- Published on
Exploring Data Structures in Redis
- Authors
- Name
- Kumar Shivendu
- @KShivendu_
Redis is an open-source, in-memory data structure store used as a database, cache, and message broker. One of the key features that sets Redis apart from other databases is its support for multiple data structures from simple ones like strings, hashes, lists, sorted sets to more complicated ones like Hyperloglog, Bitmaps, and Streams.
In this article, we'll dive into each of these data structures, discussing their use cases and how to work with them in Redis. Buckle up and let's get started!
Setting up Redis in docker container
Install docker. You may refer this or this for the same.

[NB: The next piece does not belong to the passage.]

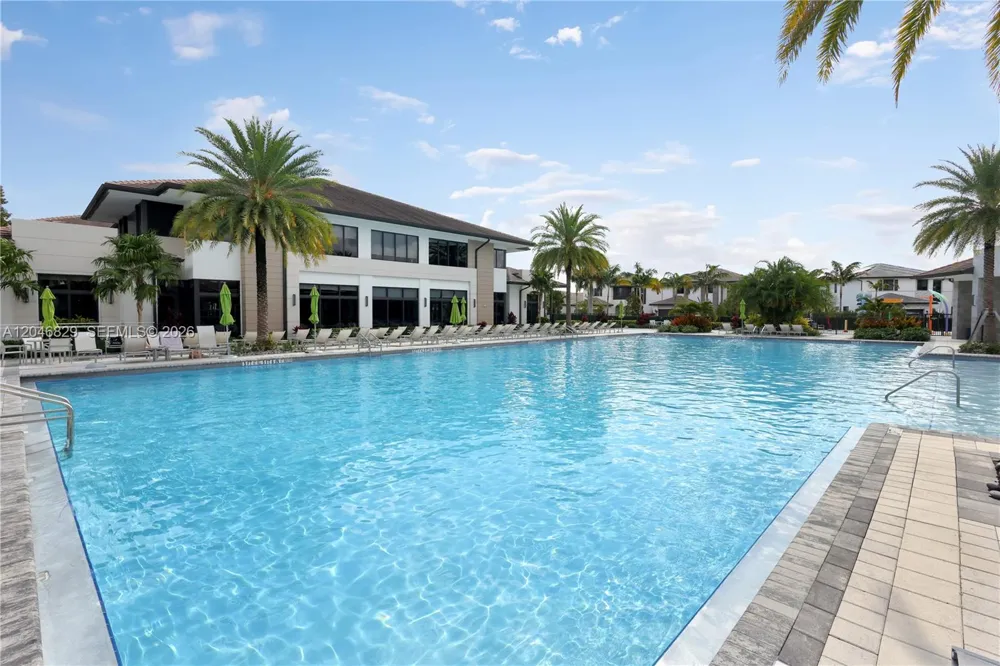 4636 NW 84th Ave #22 Doral, FL 33166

docker run --name redis -d -p 6379:6379 redis # To run redis in docker container
docker exec -it redis redis-cli # To access redis cli (Optional)
Strings
Strings are the most basic data structure in Redis, and they're pretty much what they sound like: a sequence of characters. In Redis, strings are used to store values with an associated key. Here's an example of setting and retrieving a string value in Redis:
127.0.0.1:6379> SET my_key "hello world"
OK
127.0.0.1:6379> SET my_int 30
OK
127.0.0.1:6379> GET my_key
"hello world"
127.0.0.1:6379> GET my_int
"30" # Note that the value is returned as a string
In addition to simple string values, Redis strings also have several useful commands for working with string values, such as APPEND
to concatenate two strings and INCR
to increment a numerical value stored as a string.
Hashes
Redis hashes are similar to dictionaries in other programming languages. Hashes allow you to store multiple key-value pairs within a single Redis key. Here's an example of setting and retrieving values from a Redis hash:
127.0.0.1:6379> HSET my_hash name "John Doe" email "john.doe@example.com"
(integer) 1
127.0.0.1:6379> HSET my_hash age 30
(integer) 1
127.0.0.1:6379> HGET my_hash name
"John Doe"
Hashes are incredibly useful for storing structured data, such as user profiles, product information, and more. Redis hashes also provide several commands for working with hash values, such as HGETALL
to retrieve all key-value pairs within a hash and HINCRBY
to increment a numerical value stored within a hash (I hear you. No you can't use INCR
on a hash value)
Lists
Redis lists are ordered collections of strings, similar to arrays in other programming languages. You can think of a Redis list as a series of values, where each value has a unique index. Here's an example of using a Redis list:
127.0.0.1:6379> LPUSH my_list "apple"
(integer) 1
127.0.0.1:6379> LPUSH my_list "banana"
(integer) 2
127.0.0.1:6379> LPUSH my_list "cherry"
(integer) 3
127.0.0.1:6379> LRANGE my_list 0 -1 # 0 is the first index, -1 is the last index
1) "cherry"
2) "banana"
3) "apple"
Redis lists are commonly used for tasks such as message queues and task management. Redis provides several commands for working with lists, such as LPOP
to remove the first value in a list and RPOP
to remove the last value in a list. You can also use LINDEX
to retrieve a value at a specific index in a list.
Sets
Redis sets are unordered collections of unique strings. Sets are similar to arrays, but with the added constraint that all values in a set must be unique. Here's an example of using a Redis set:
127.0.0.1:6379> SADD my_set "apple"
(integer) 1
127.0.0.1:6379> SADD my_set "banana"
(integer) 1
127.0.0.1:6379> SADD my_set "cherry"
(integer) 1
127.0.0.1:6379> SADD my_set "apple"
(integer) 0
127.0.0.1:6379> SMEMBERS my_set
1) "banana"
2) "apple"
3) "cherry"
As you can see, even though we tried to add the value "apple" twice to the set, Redis only stored it once since sets only allow unique values.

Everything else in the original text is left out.